== Exercise goal ==
Set down, exactly as written, the line containing "Topran 625 380" and all the lines that follow it to the end of the entries below, omitting every picture.

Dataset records
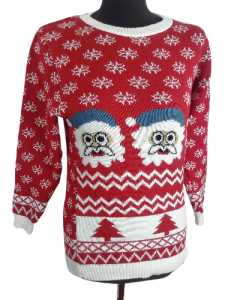 Sweter świąteczny Mikołaj rozmiar 38-40 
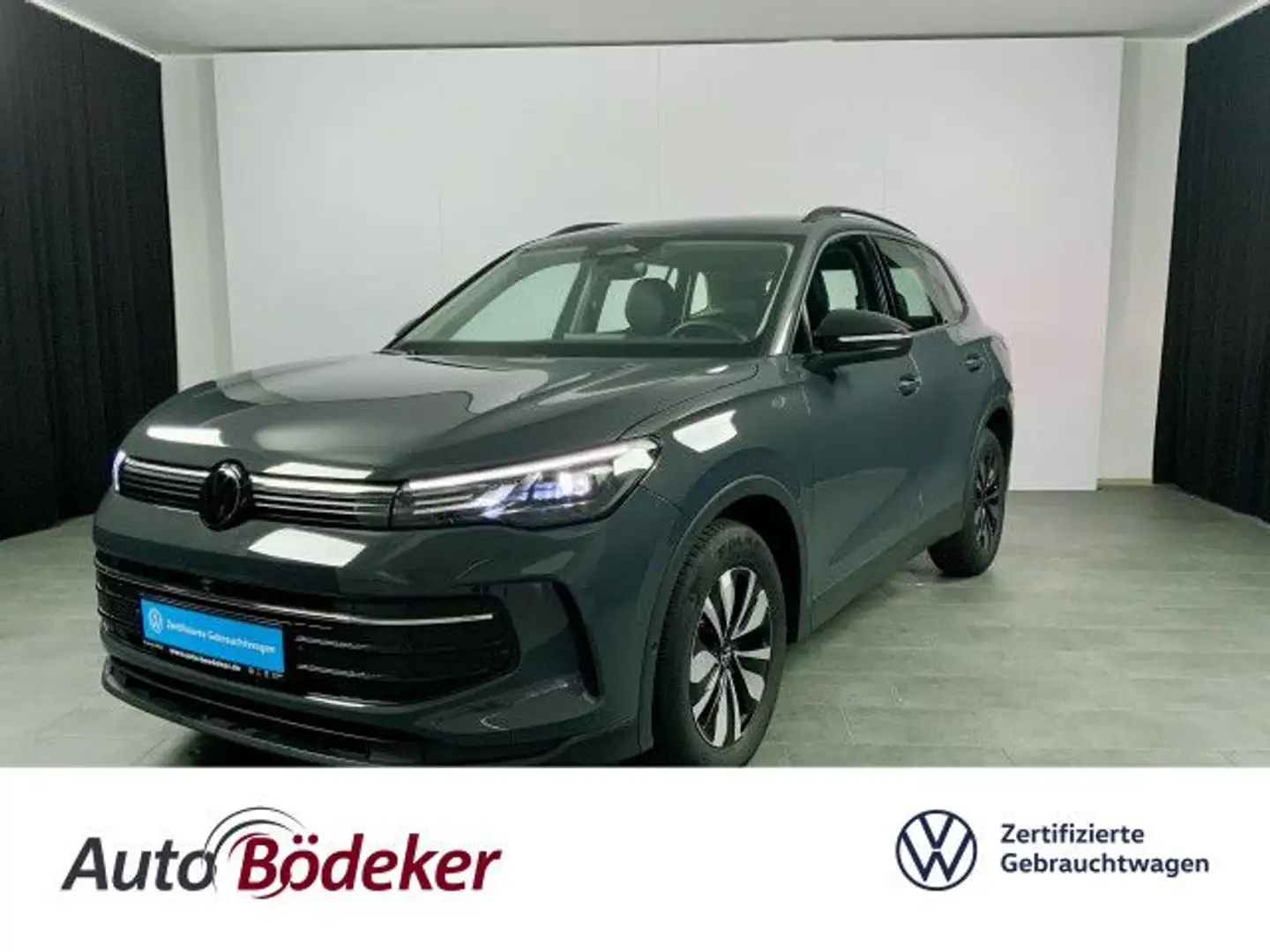 Volkswagen Tiguan 1.5 eTSI DSG GOAL Garantie b. 03.02.2030 / Grau - 1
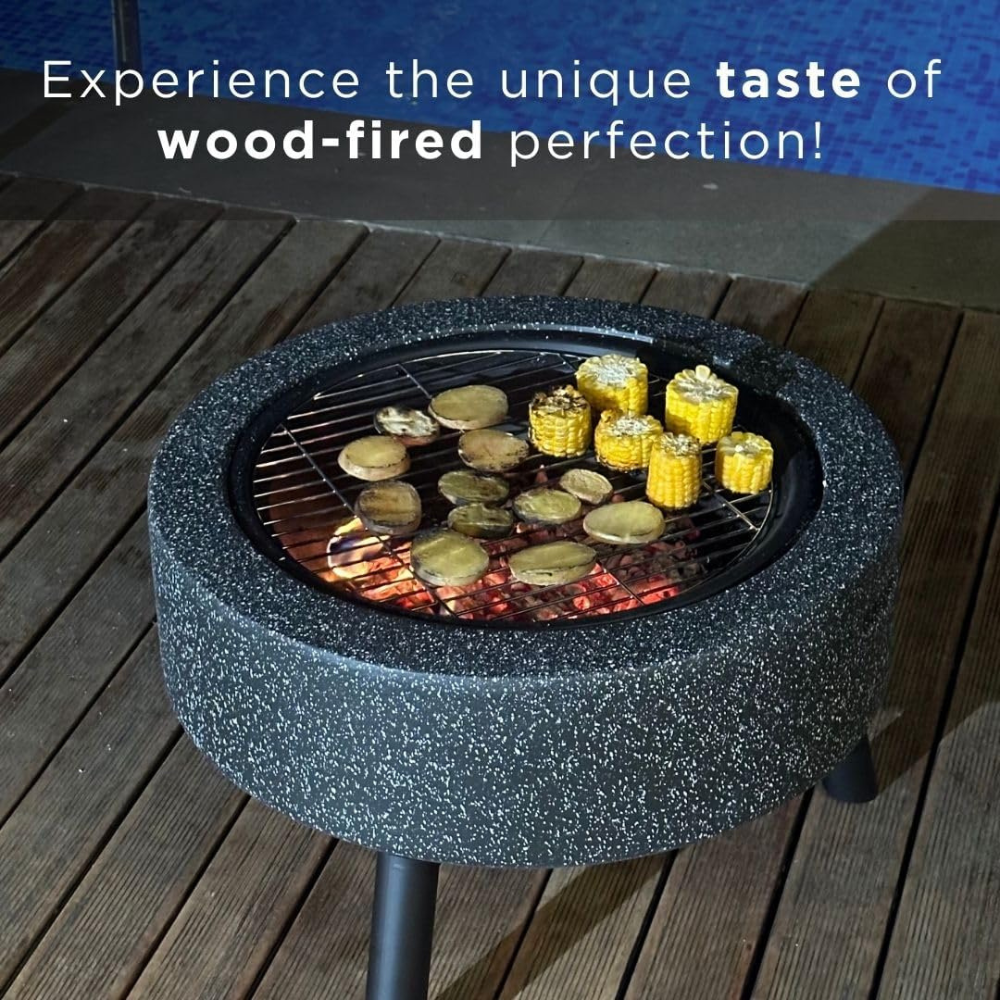 Outdoor Round Firepit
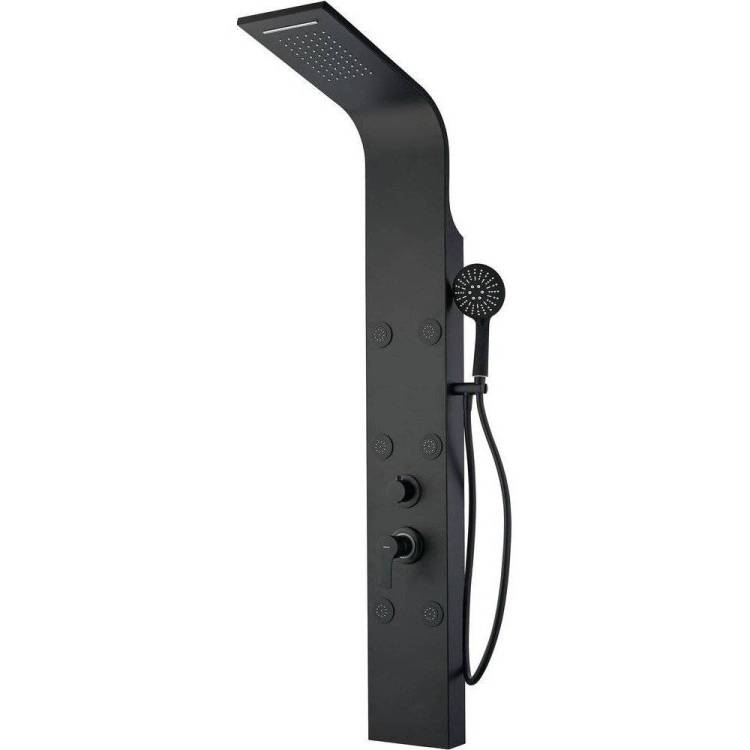 Душевая панель Aquanet Galaxy AP40-04 Black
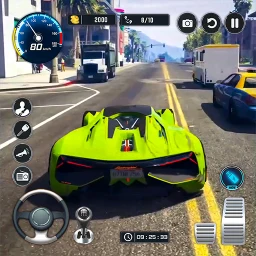 Real Car Racing Race Master のアイコン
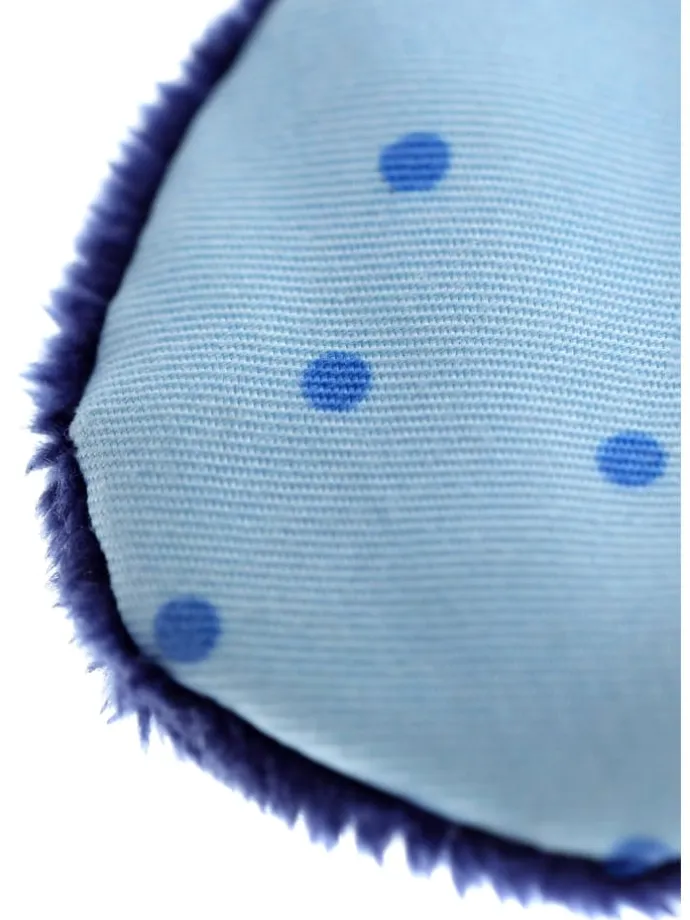 Knister-Greifling Schmetterling RedStars in blau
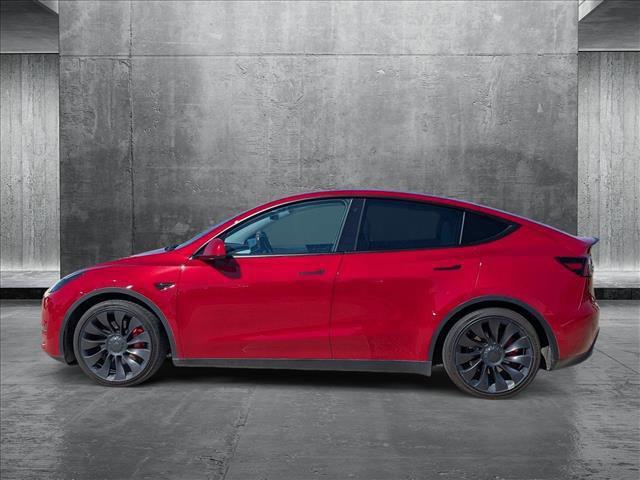 used 2022 Tesla Model Y car, priced at $31,982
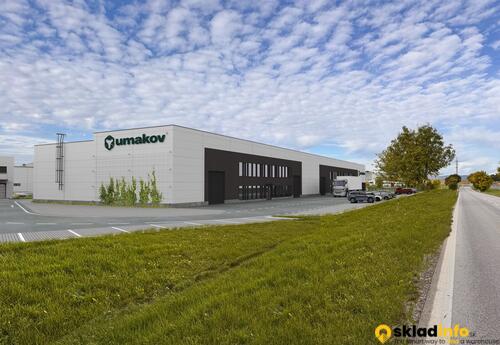 Sklady spoločnosti Sklad na prenájom 621 m² - Senec | Small business units Senec na prenájom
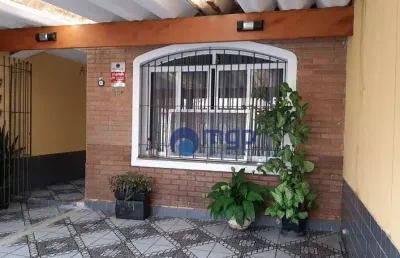 Sobrado à venda, 126 m² por r$ 580.000,00 - vila mazzei - são paulo/sp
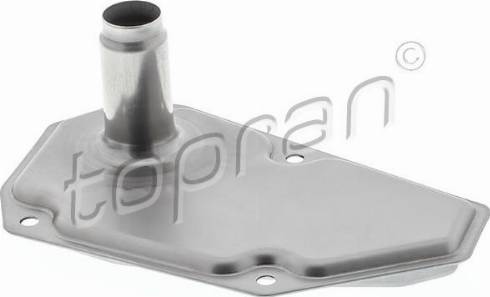 Topran 625 380 - Гідравлічний фільтр, автоматична коробка передач autodetail.com.ua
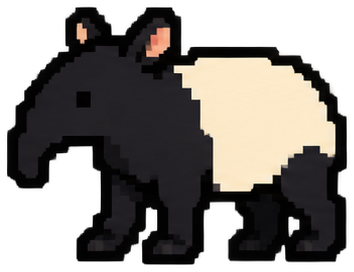 Malayan Tapir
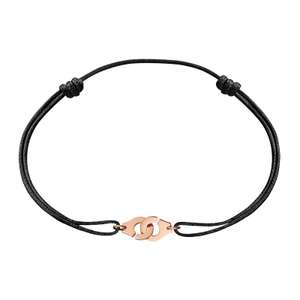 Bracelet Menottes Dinh Van R8 - Or Rose
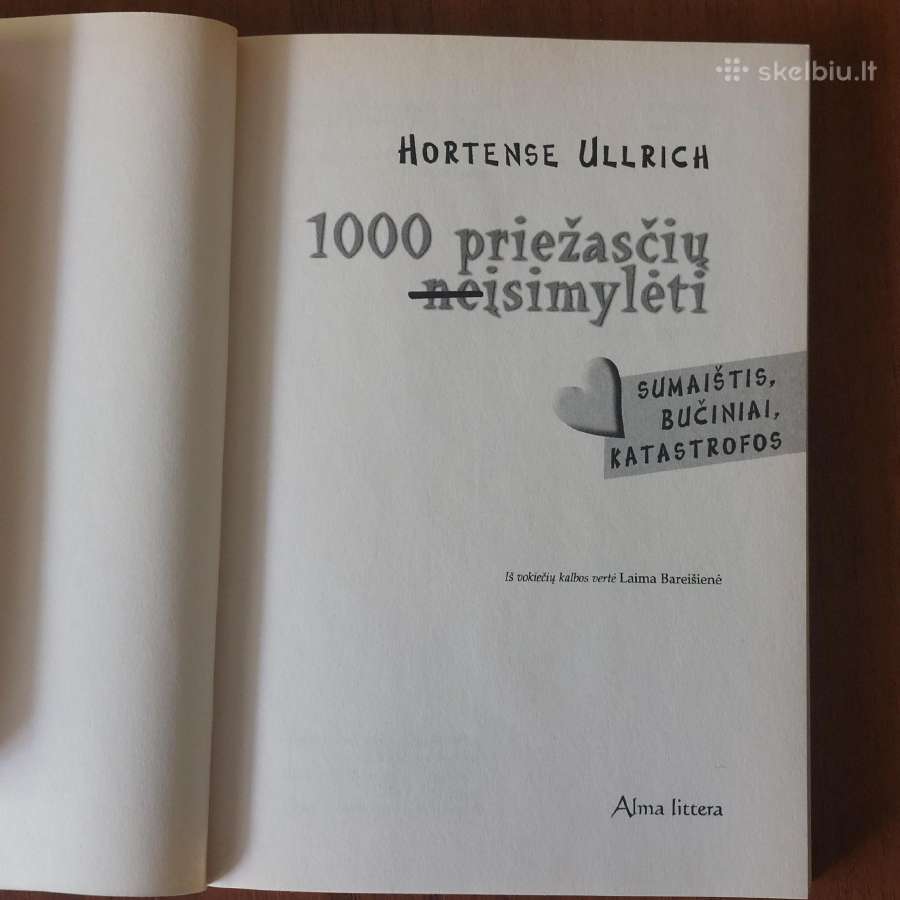 H. Ullrich - 1000 priežasčių /ne/įsimylėti - nuotraukos Nr. 5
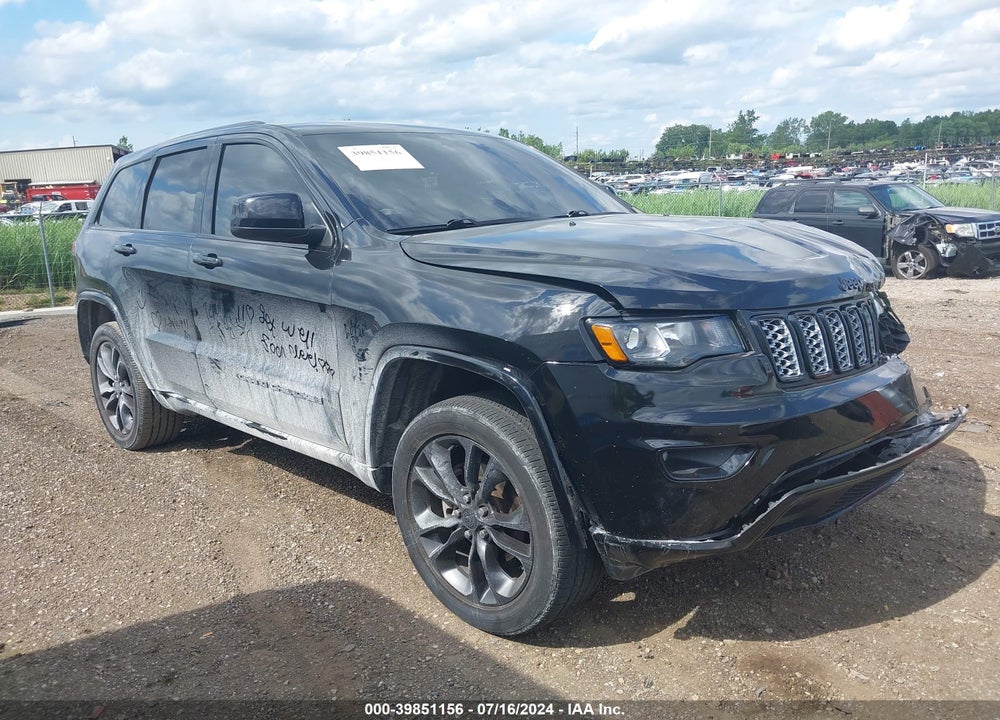 2019 JEEP GRAND CHEROKEE ALTITUDE 4X4 VIN: 1C4RJFAG7KC678314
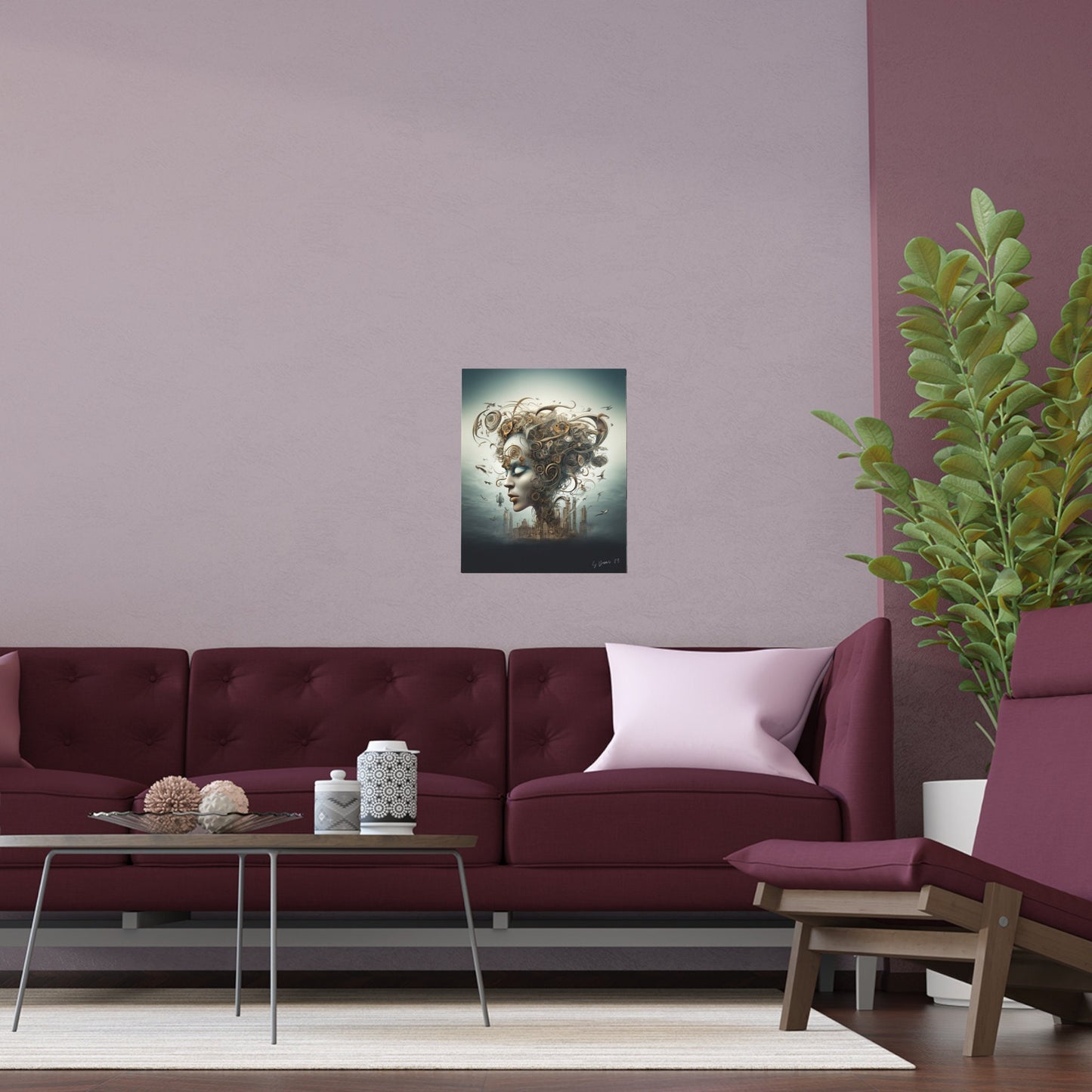 Overseer Print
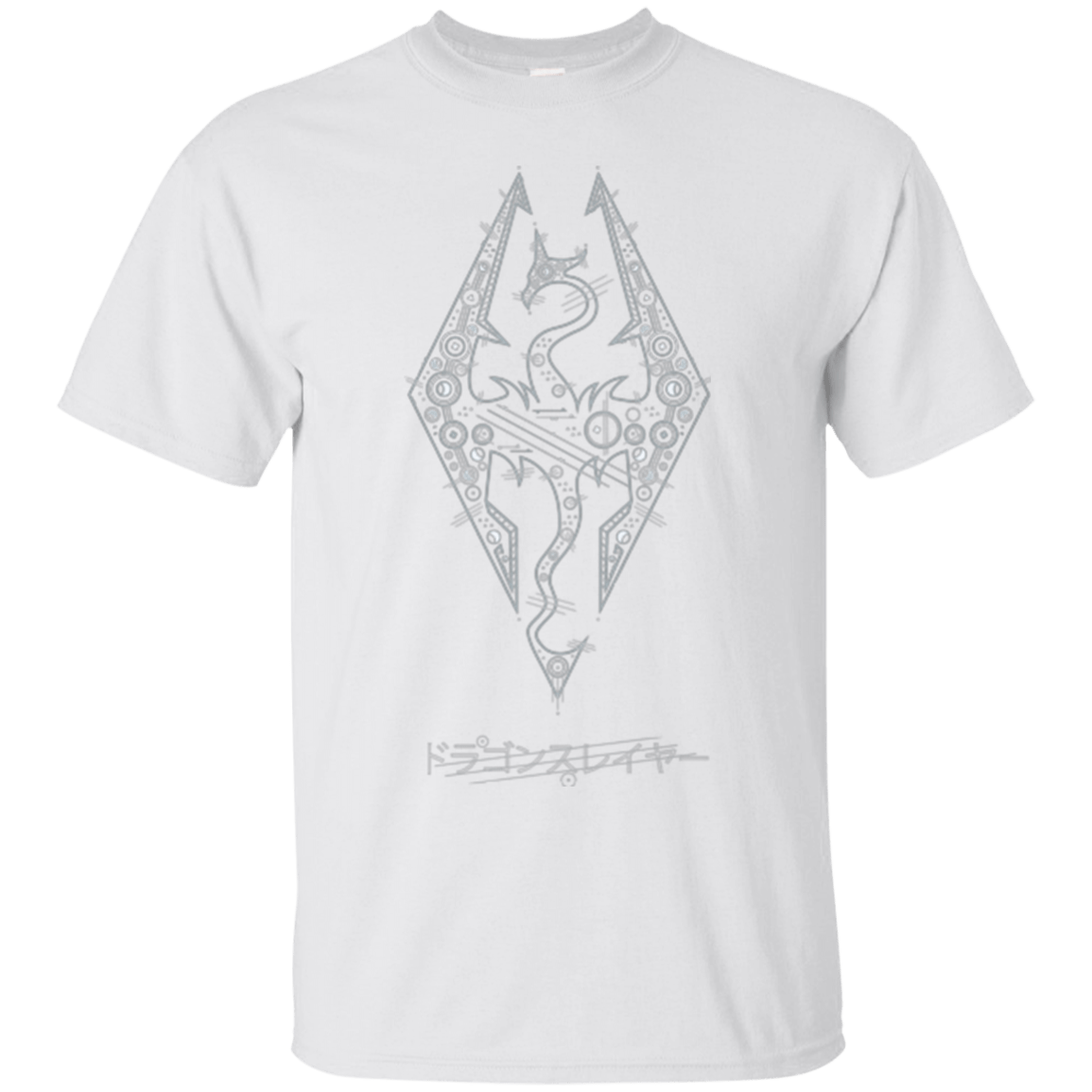 T-Shirts White / Small Tech Draco T-Shirt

== Solution to the exercise ==
 Topran 625 380 - Гідравлічний фільтр, автоматична коробка передач autodetail.com.ua
 Malayan Tapir
 Bracelet Menottes Dinh Van R8 - Or Rose
 H. Ullrich - 1000 priežasčių /ne/įsimylėti - nuotraukos Nr. 5
 2019 JEEP GRAND CHEROKEE ALTITUDE 4X4 VIN: 1C4RJFAG7KC678314
 Overseer Print
 T-Shirts White / Small Tech Draco T-Shirt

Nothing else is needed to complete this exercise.